Task description
From the first line of the listing, copy each line exactly until you have included the line with "ノラキチジョウジ(NORA KICHIJ"; leave out the pictures.

Listed records
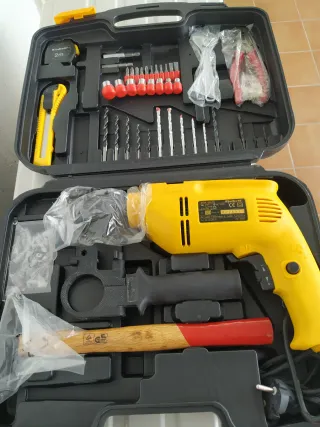 Maletín Taladro Einhell con Accesorios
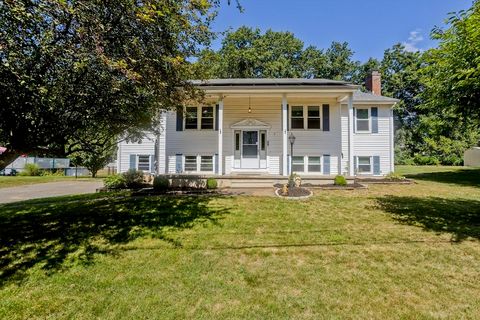 5 Michael Dr Enfield CT 06082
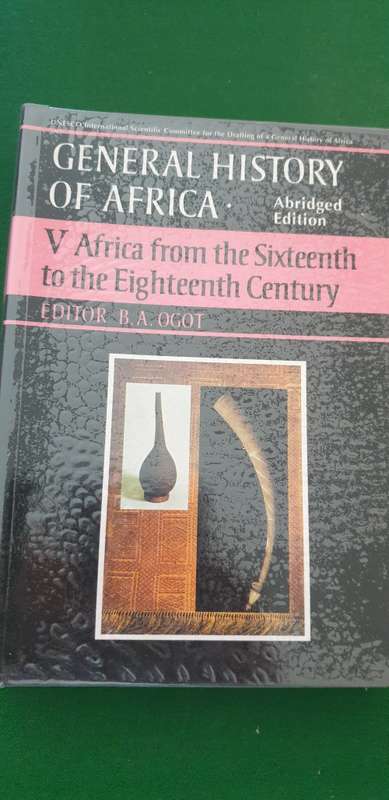 General History of Africa. 7 Volumes. Abridged Edition, various editors.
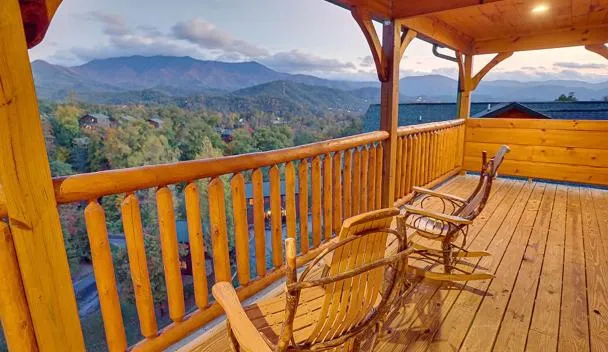 Majestic Peaks by Venture Smoky Mountains, Gatlinburg (updated
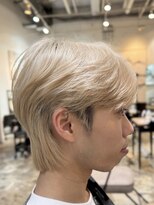 ノラキチジョウジ(NORA KICHIJOJI)&nbsp;韓国シースルーマッシュウルフカットフェザーパーマエンドカラー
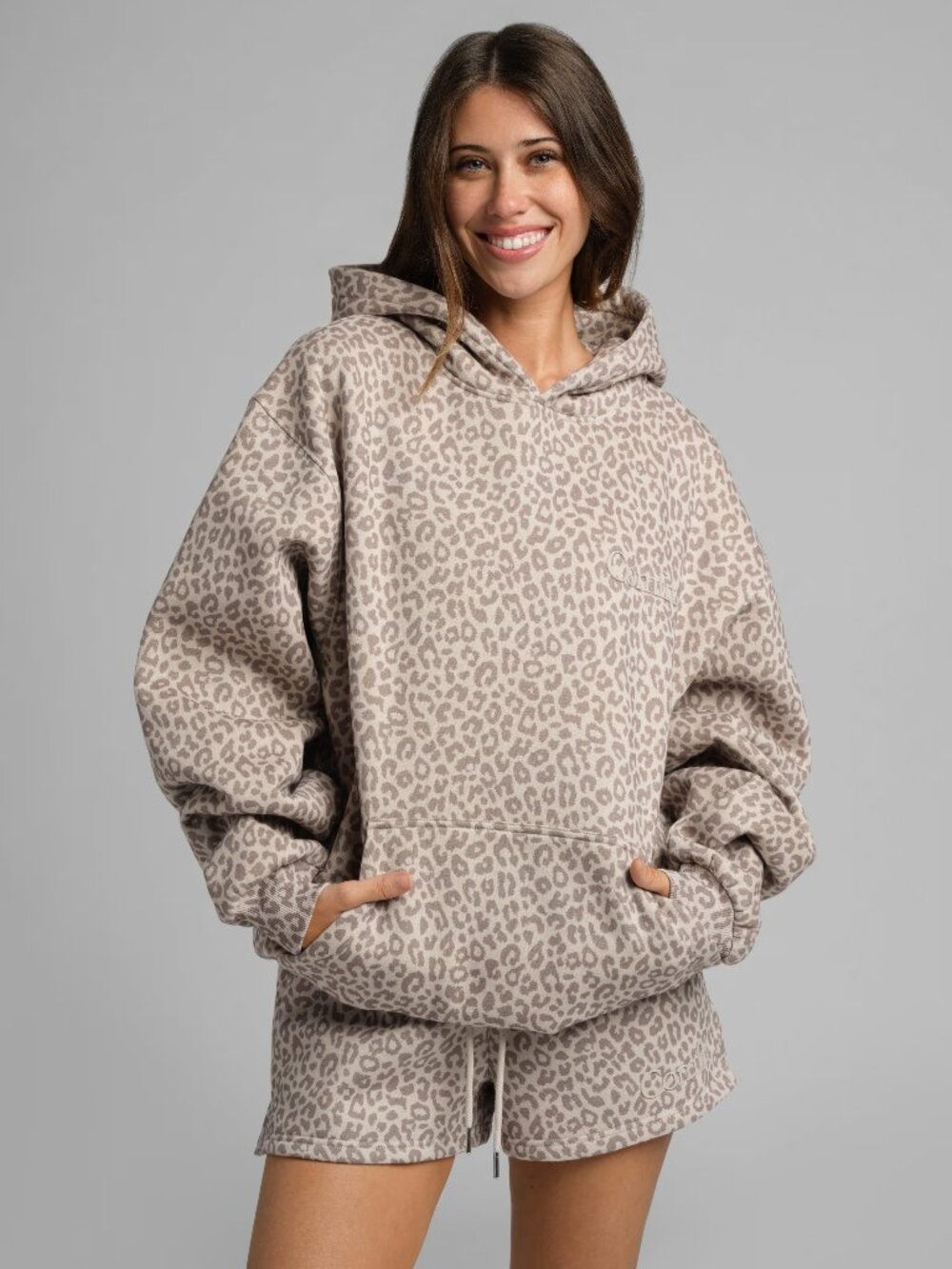 Comfrt Minimalist Hoodie in Leopard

Result of the task
 Maletín Taladro Einhell con Accesorios
 5 Michael Dr Enfield CT 06082
 General History of Africa. 7 Volumes. Abridged Edition, various editors.
 Majestic Peaks by Venture Smoky Mountains, Gatlinburg (updated
 ノラキチジョウジ(NORA KICHIJOJI)&nbsp;韓国シースルーマッシュウルフカットフェザーパーマエンドカラー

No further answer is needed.